The Cloud TPU – formerly known as the TPU2 – is the second generation of Google’s homegrown math accelerators geared towards AI and machine learning workloads that rely on TensorFlow. While the first generation was only applicable for training neural networks, the Cloud TPU can handle both training and inference.
John Barrus, product manager for Cloud TPUs and Zak Stone, product manager for TensorFlow and Cloud TPUs, said earlier today the chips are “available in limited quantities today and usage is billed by the second at the rate of $6.50 USD / Cloud TPU / hour.”
Six bucks an hour may seem steep, but consider Amazon's AWS charges up to roughly $24 an hour for a top-end GPU-powered virtual instance for machine-learning tasks.
It typically takes several hours or a few days to teach AI models new tricks, depending on how complex they are. Google claims it requires only a single Cloud TPU running for less than one day, and costing under $200, to train ResNet-50, an old but popular convolutional neural network developed by Microsoft, to an accuracy comparable to the benchmarks set in the ImageNet challenges.
Crucially, the TPU2 is optimized for code running on TensorFlow, so, in the ResNet example, make sure you follow this tutorial.
Last year, Jeff Dean, a Google senior fellow leading the Google Brain project – the advertising giant's internal deep-learning research team – revealed that each Cloud TPU is made up of four ASICs. Each chip contains:
- Two processing cores, each with a 128x128 mixed multiply unit (MXU) and 8GB of high-bandwidth memory, adding up to 64GB of HBM and 600GBps of memory bandwidth in one four-chip device.
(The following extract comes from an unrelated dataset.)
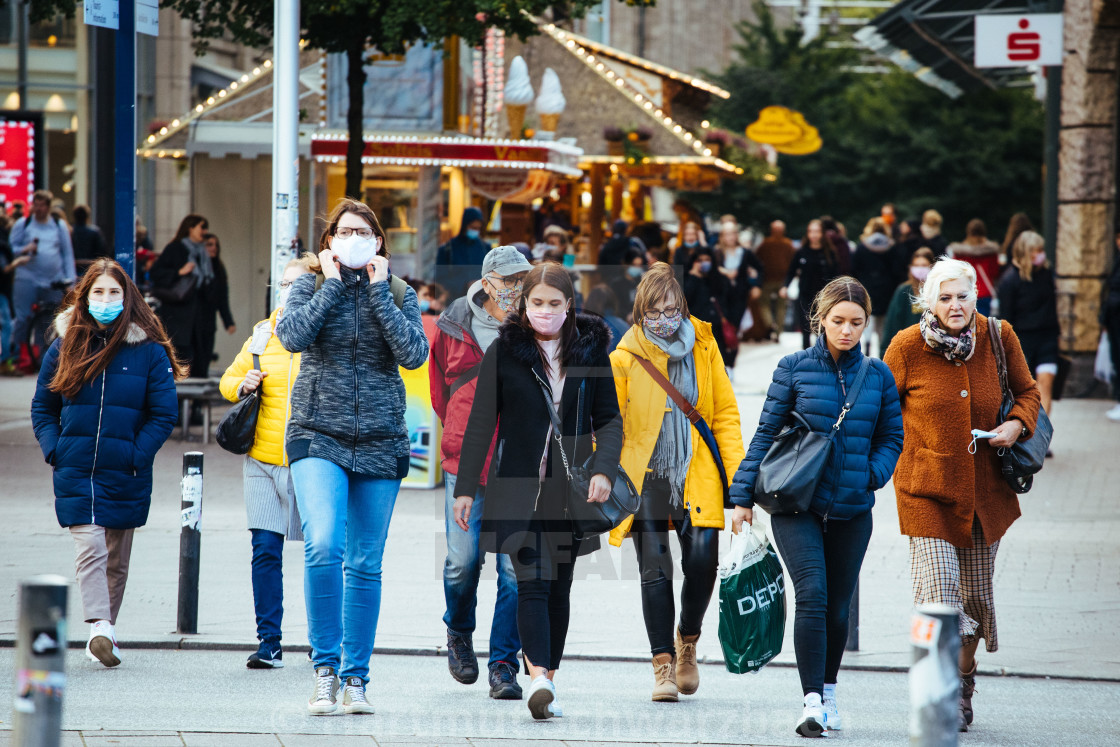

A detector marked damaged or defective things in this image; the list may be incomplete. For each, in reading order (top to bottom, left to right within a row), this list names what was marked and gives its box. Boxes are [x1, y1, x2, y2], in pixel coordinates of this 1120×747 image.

rust teddy coat [882, 315, 1039, 548]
- 32-bit floating-point precision math units for scalars and vectors, and 32-bit floating-point-precision matrix multiplication units with reduced precision for multipliers.
- Some 45 TFLOPS of max performance, adding up to 180 TFLOPS for one four-chip device.
A single TPU2 device with four processor chips ... The red box shows highlights one chip. Image credit: Google
Google also plans to rent out pods of Cloud TPUs later this year. A pod crams 64 devices together to create "machine learning supercomputers" that perform 11.3 PFLOPS using 4TB of high bandwidth memory.